═════ Information supplied

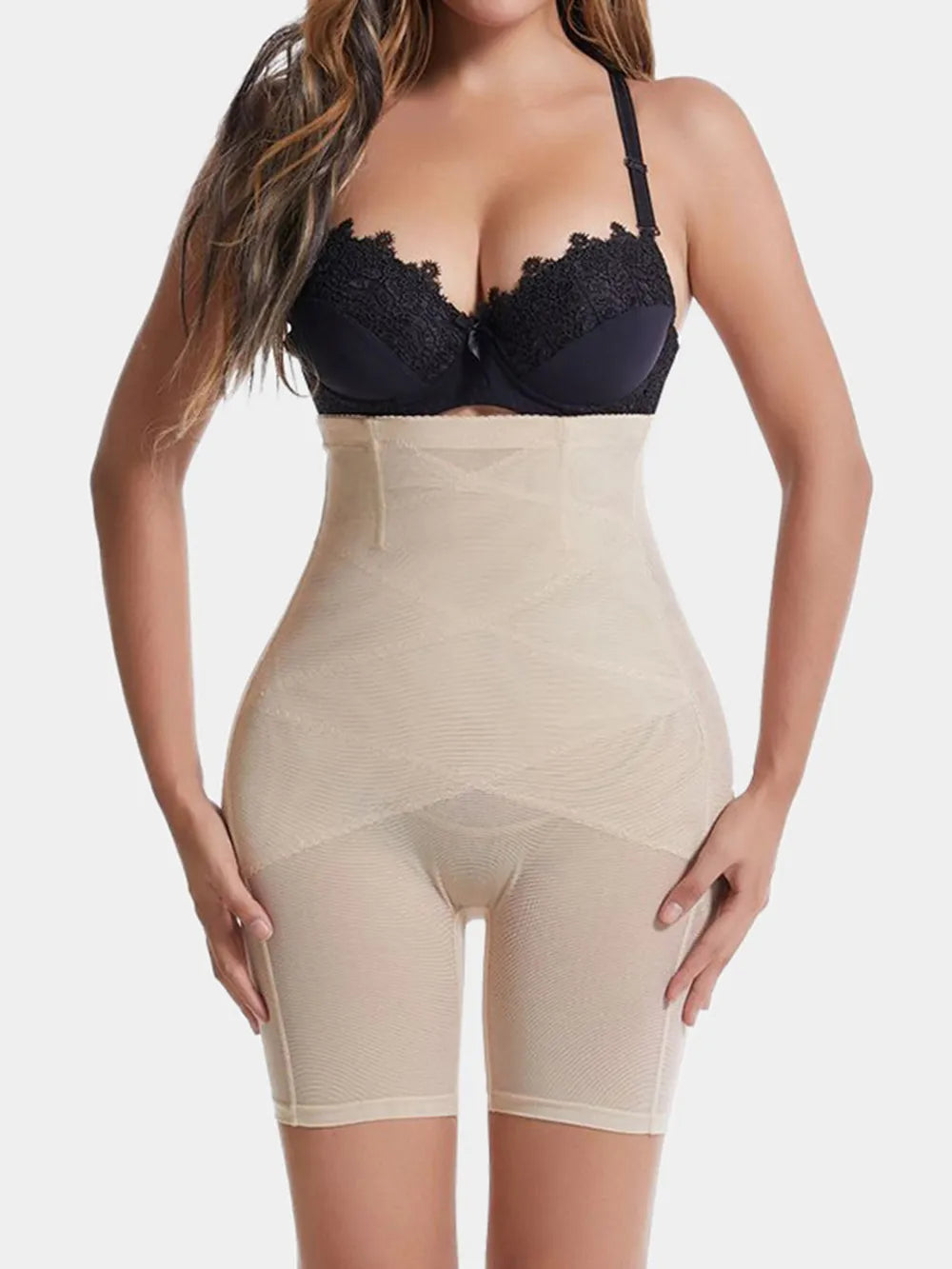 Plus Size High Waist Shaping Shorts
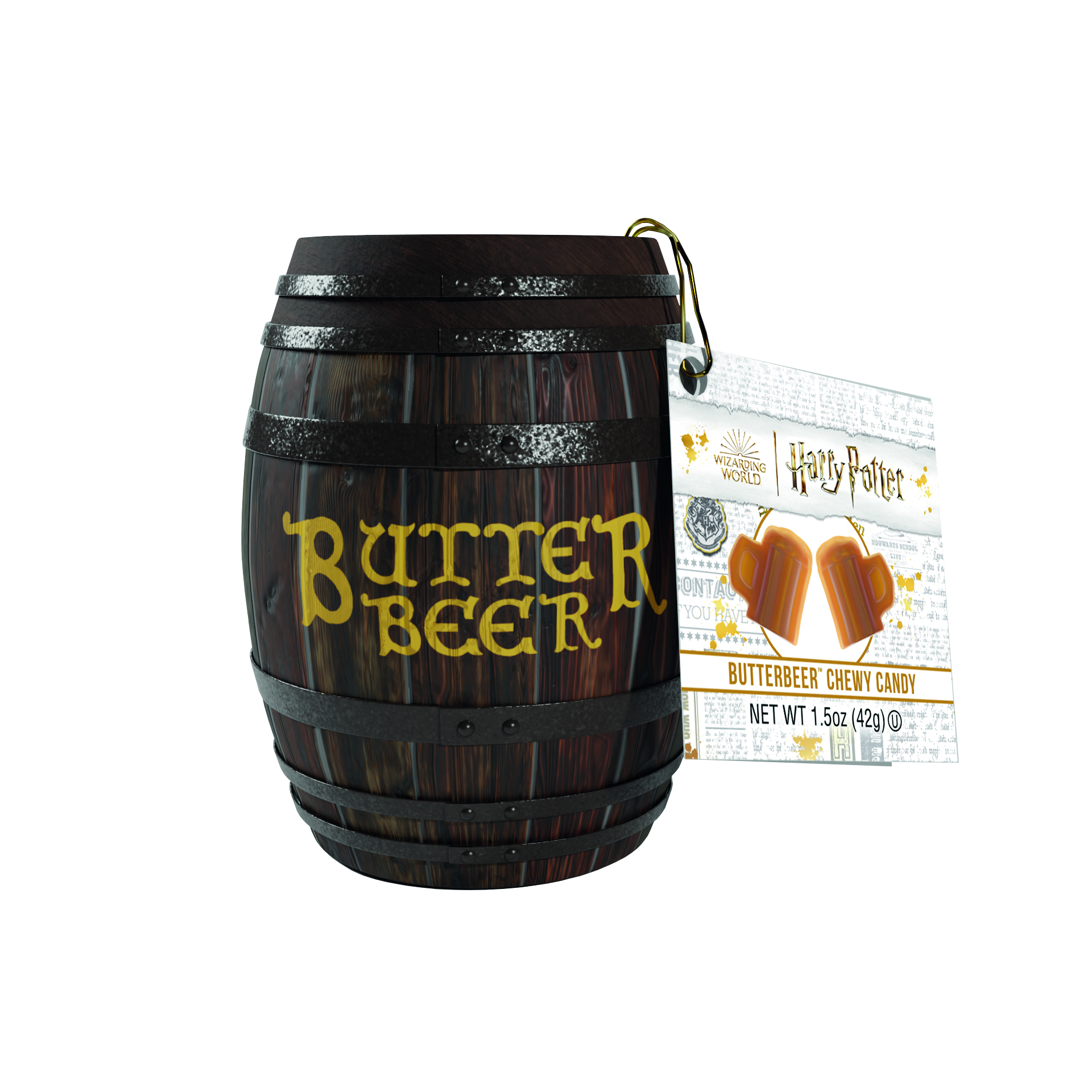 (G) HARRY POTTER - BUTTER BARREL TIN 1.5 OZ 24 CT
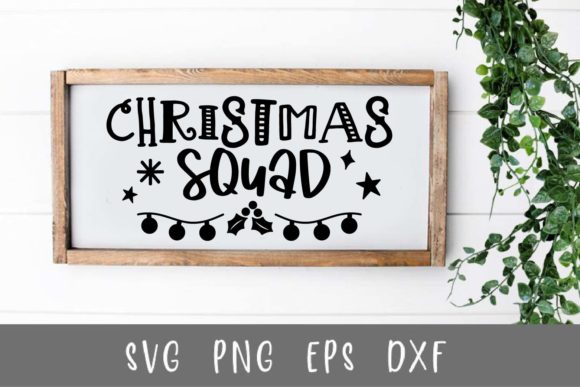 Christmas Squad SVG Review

══════════

• [What you should do] The expected output is exactly the lines from the one containing "(G) HARRY POTTER" through the last line of the listing, both included, with every picture left out.

• [Task output]
 (G) HARRY POTTER - BUTTER BARREL TIN 1.5 OZ 24 CT
 Christmas Squad SVG Review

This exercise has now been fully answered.